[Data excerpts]
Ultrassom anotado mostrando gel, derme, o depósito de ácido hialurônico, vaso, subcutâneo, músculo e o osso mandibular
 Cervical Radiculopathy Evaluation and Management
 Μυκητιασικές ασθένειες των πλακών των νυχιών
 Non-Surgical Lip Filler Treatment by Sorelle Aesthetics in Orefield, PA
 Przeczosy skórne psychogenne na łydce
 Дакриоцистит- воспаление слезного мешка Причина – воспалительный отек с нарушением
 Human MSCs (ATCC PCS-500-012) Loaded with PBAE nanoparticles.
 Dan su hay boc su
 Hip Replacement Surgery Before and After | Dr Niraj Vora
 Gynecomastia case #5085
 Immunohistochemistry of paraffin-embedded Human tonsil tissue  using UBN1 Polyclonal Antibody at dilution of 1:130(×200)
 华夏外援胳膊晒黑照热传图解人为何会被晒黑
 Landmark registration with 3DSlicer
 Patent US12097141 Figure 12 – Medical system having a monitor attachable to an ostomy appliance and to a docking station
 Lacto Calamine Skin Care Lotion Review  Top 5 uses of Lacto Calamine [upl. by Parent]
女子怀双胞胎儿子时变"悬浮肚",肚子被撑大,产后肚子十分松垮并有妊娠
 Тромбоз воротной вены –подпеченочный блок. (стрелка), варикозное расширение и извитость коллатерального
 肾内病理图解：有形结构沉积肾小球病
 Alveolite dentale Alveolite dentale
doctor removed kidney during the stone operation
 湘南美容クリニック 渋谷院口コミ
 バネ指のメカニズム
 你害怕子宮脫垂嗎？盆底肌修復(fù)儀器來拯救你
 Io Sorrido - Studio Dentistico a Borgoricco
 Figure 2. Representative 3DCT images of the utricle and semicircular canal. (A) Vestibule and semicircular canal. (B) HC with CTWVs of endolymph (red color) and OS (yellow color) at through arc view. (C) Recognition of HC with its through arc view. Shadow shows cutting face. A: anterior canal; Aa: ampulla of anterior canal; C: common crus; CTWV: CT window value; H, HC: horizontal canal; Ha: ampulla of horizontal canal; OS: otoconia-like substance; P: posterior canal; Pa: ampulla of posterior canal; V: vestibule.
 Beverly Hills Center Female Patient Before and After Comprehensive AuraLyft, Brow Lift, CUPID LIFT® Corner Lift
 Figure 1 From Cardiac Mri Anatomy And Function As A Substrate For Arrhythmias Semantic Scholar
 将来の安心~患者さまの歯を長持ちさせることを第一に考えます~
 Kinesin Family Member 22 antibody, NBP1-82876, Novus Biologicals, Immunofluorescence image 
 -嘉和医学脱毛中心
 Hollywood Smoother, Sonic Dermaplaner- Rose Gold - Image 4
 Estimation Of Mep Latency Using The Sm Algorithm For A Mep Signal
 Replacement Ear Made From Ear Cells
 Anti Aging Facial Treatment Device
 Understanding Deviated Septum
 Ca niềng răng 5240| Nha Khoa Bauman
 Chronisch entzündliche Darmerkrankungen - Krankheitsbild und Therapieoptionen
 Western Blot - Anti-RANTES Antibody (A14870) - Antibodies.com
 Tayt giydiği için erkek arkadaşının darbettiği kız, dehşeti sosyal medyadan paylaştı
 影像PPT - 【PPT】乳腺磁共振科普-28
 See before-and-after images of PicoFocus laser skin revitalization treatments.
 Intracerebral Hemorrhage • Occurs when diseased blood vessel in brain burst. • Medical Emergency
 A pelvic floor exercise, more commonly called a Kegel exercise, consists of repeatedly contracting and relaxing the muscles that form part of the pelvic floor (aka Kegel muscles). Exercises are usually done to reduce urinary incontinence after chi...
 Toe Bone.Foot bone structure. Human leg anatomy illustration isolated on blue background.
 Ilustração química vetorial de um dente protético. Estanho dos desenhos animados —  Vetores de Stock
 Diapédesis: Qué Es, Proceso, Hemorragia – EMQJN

### [To do]
Identify the lines of the data that contain the word "Replacement". Copy each of them.

### [Answer for this exercise]
 Hip Replacement Surgery Before and After | Dr Niraj Vora
 Replacement Ear Made From Ear Cells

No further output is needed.